野球

日本大学・河村唯人 4年前と同じグラブ、当時から変わらない、道具を大切にする心

任地の福島で4年ぶりに河村と再会した(撮影・滝口信之)

今春に引き続き、地方での開幕となった秋の東都大学野球リーグ戦は、9月3日に福島市の福島県営あづま球場で始まった。普段は福島を拠点に取材している私にとっては、4年ぶりに再会する日大三高(東京)出身の選手たちの雄姿を楽しみにしていた。

一緒にグラウンド整備、球拾いをした日

日大三は2018年の第100回全国高校野球選手権記念大会に、西東京代表として出場し、ベスト4まで勝ち進んだ。私は当時、東京で勤務しており、高校野球の西東京大会を担当。優勝し、甲子園出場を決めた日大三の選手たちを取材していた。コロナ禍で、今年は担当記者と代表校は別々の宿舎を使っていたが、以前は担当記者と代表校は同じ宿舎に泊まっていた。
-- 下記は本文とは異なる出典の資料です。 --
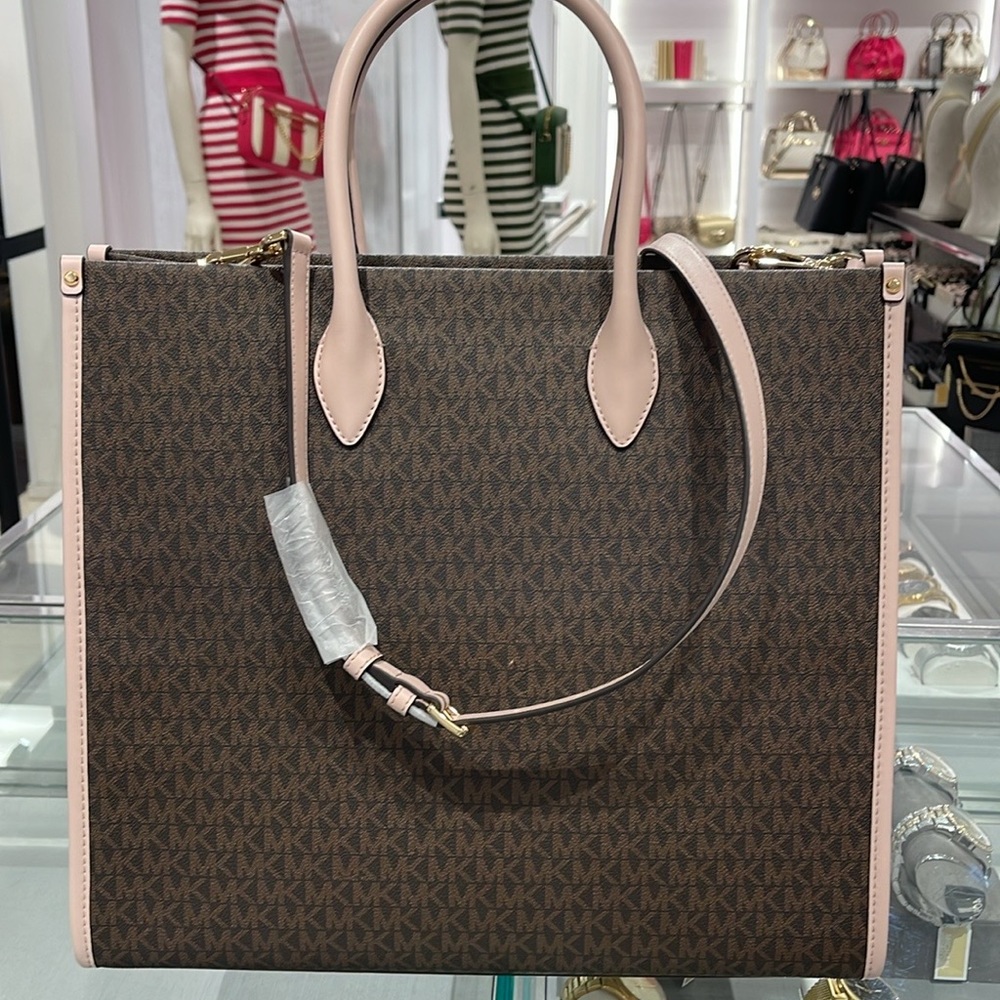 MICHAEL KORS Mirella Large Logo Tote Bag Powder Blush Signature
NWT - Picture 9 of 16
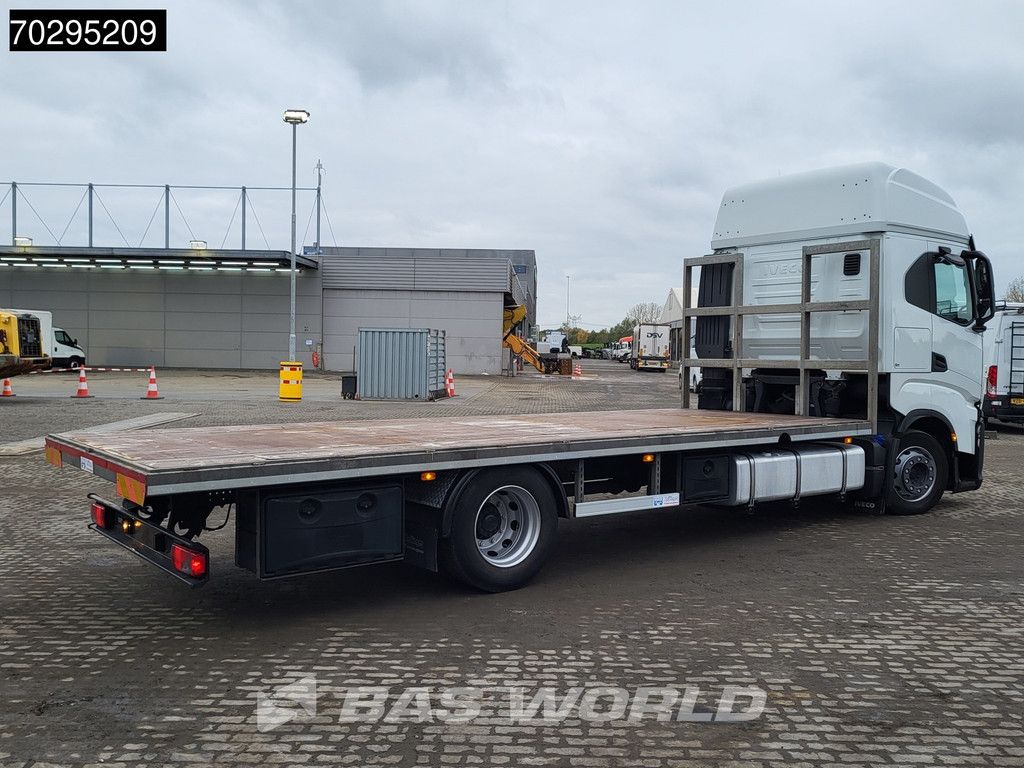 Iveco S-Way 420 4X2 7 meter Open body ACC Navi Automatic Euro 6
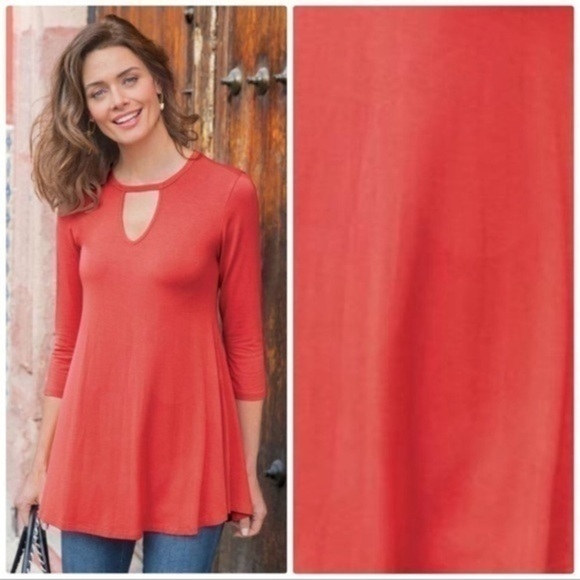 5/$25 SALE SOFT Surroundings Keyhole Tunic - Picture 1 of 4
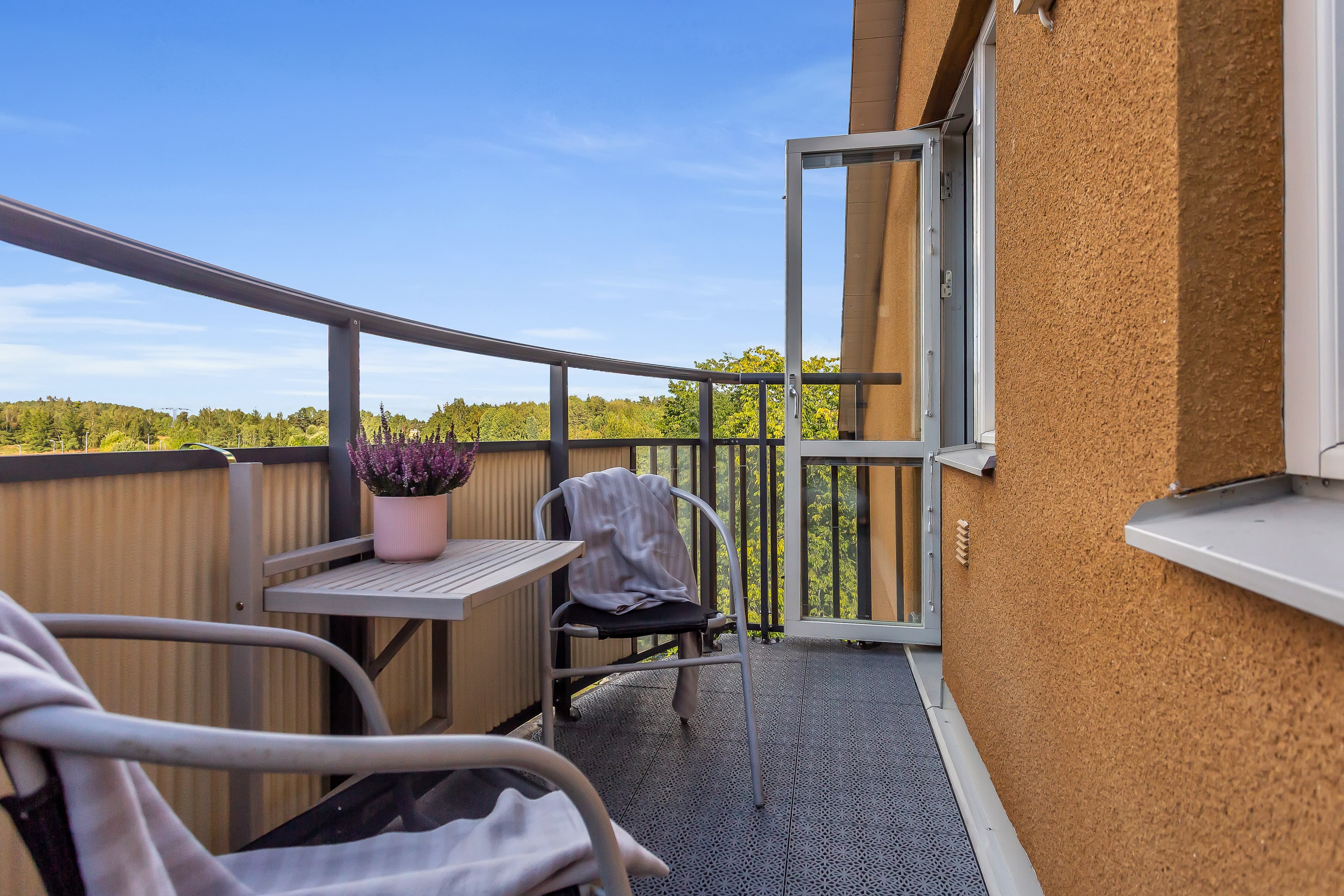 Bostadsbild från Svartbäcksgatan 106D, Såld i Svartbäcken, Uppsala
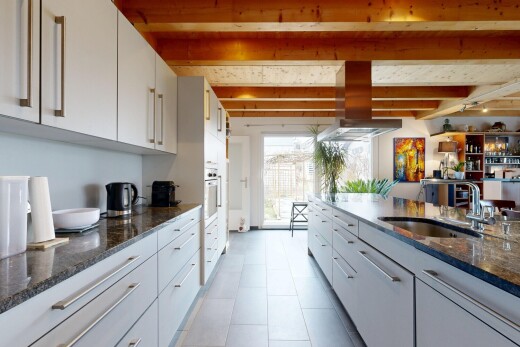 küche mit stein arbeitsplatten, natürliches licht, natural light, dunstabzugshaube, und weiße schränke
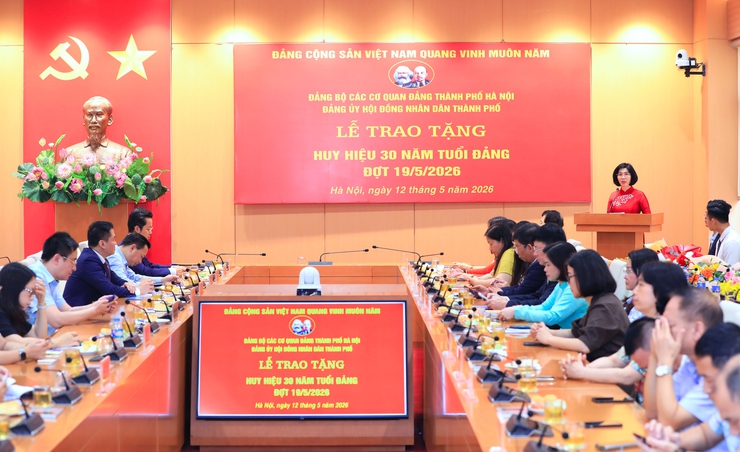 Đảng ủy HĐND thành phố Hà Nội trao Huy hiệu 30 năm tuổi Đảng đợt 19/5- Ảnh 4.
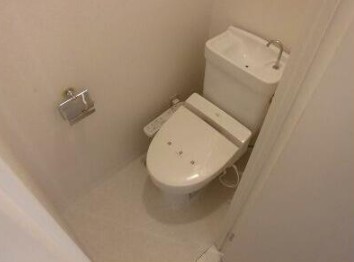 西武新宿線 井荻駅 徒歩4分 3階建 築41年のトイレ写真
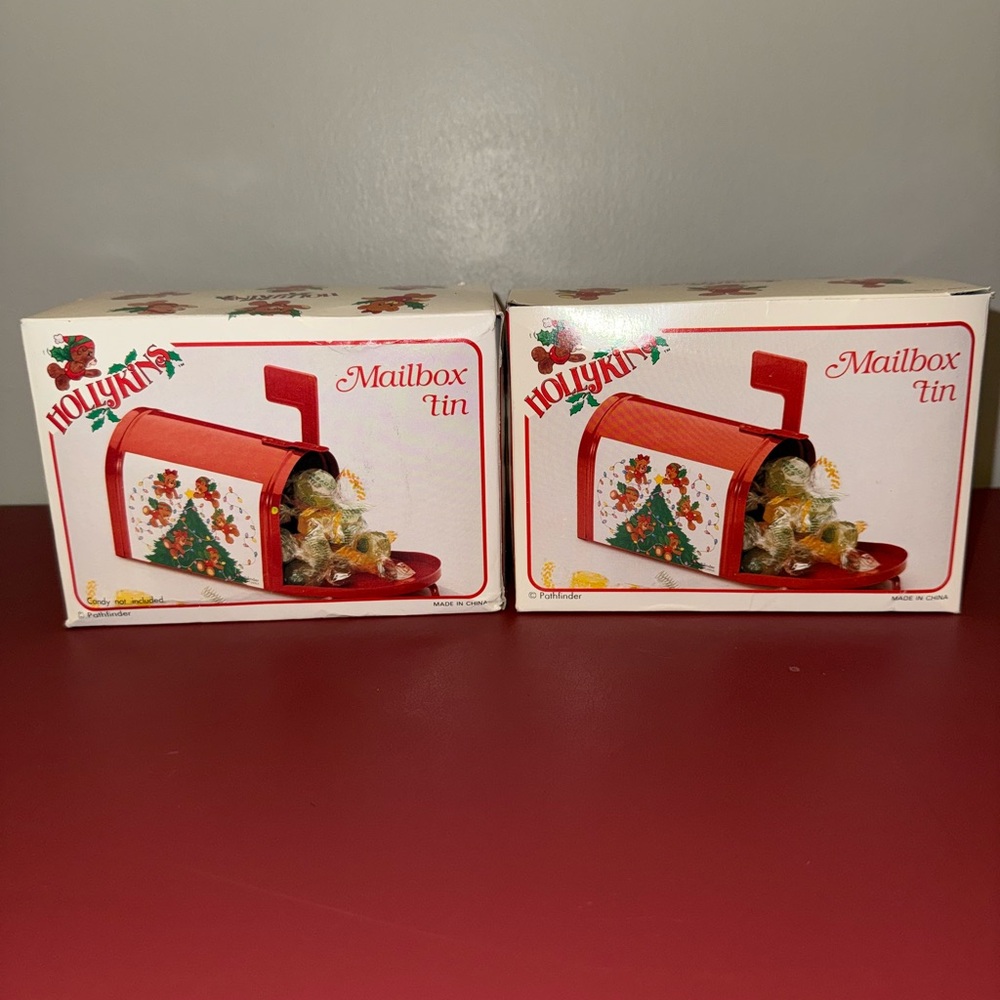 Holiday Mailbox Tin Set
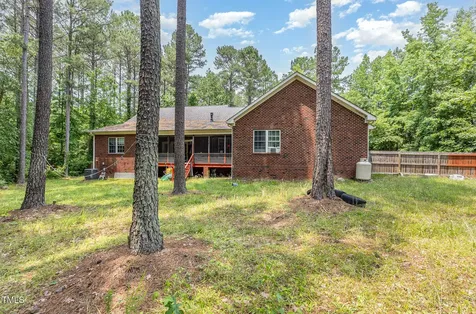 3304 Black Stallion Court Zebulon NC 27597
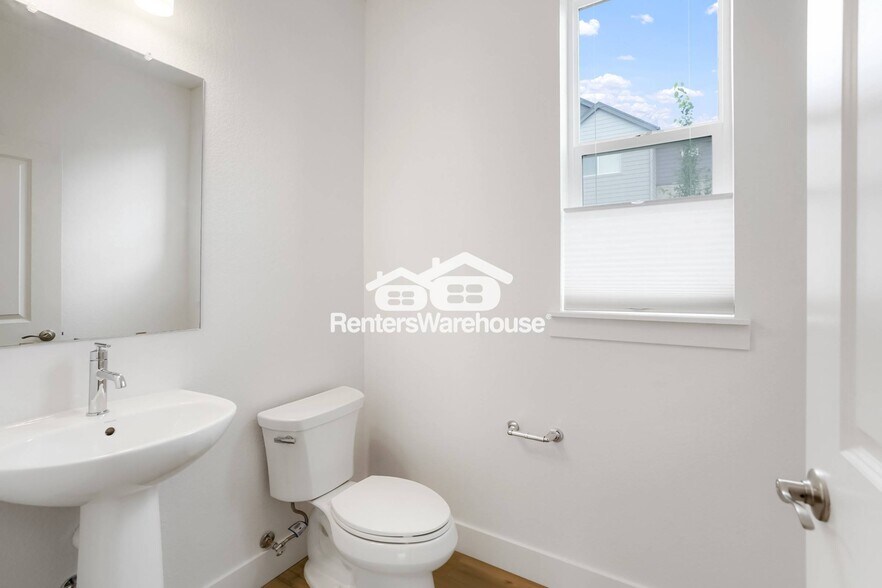 Building Photo - 5361 Pierson Ct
100回大会の時は、日大三の選手たちと兵庫県尼崎市のホテルで約3週間、一緒に過ごした。朝5時過ぎに起き、ラジオ体操をして、朝ご飯を一緒に食べる。毎日2時間割り当てられている練習では、一緒にグラウンド整備をしたり、ボール拾いをしたりした。練習後、一緒に焼き肉を食べに行き、彼らの食欲に驚かされたこともあった。あの夏から4年が経ち、どんな姿に成長したか、楽しみにしていた。

青山学院大・佐藤英雄 日大三から変わらぬ律義さ 4年ぶり再会に「お久しぶりです」
2018年夏の甲子園ベスト4を記念し、当時の宿舎で集合写真を撮った(撮影・滝口信之)

「試合で使うグラブは、きれいじゃないと」

開幕戦となった亜細亜大学と日本大学の試合。一番楽しみにしていたのは、日大の河村唯人(4年)だ。100回大会の甲子園で日大三は、河村をはじめ、中村奎太(現・明治大学4年)や井上広輝(現・埼玉西武ライオンズ)など、最速140キロを超える選手が4人いた。河村は背番号10をつけ、全5試合にリリーフで登板。前半を凌いで、中盤以降、河村に継投するというのが、当時の日大三の「勝利の方程式」だった。

日大進学後もベンチ入りし登板していることを、スポーツ紙などを通じて知っていた。

西東京大会の決勝で力投(撮影・朝日新聞社)

今回、私が見た2試合、河村はベンチから外れていた。そのため、彼の姿を見たのは試合前のシートノックだった。ノックの補助をしている河村が右手にはめているグラブに見覚えがあった。茶色のグラブだ。4年前の甲子園で使っていたものと同じだった。

高校時代、河村は練習の時と試合とでは、グラブを使い分けていた。当時、理由を尋ねると、「試合で使うグラブは、きれいじゃないと嫌なんです。1時間くらい掛けて磨くので、練習後に毎日やるのも大変で、試合と練習を使い分けています」と話していた。その試合用を4年経った今も使っていた。

理由を後日、河村本人に聞いてみた。

グラブは4年前の甲子園で使っていたものと同じだった(撮影・滝口信之)

二つの意味で驚いた

「甲子園の時に使っていたものを今でも使っています。いつもは(高校)2年の時に三木(有造)さん(日大三部長)からいただいたグラブを使っているのですが、それが壊れてしまったので、たまたまあのグラブを使っていたという感じです」

二つの意味で驚いた。甲子園で使っていたグラブを大切にしているだけでなく、普段は高2の時に三木部長からもらったものをこれまで使っていた。道具を大切にする心は、高校時代から全く変わっていなかった。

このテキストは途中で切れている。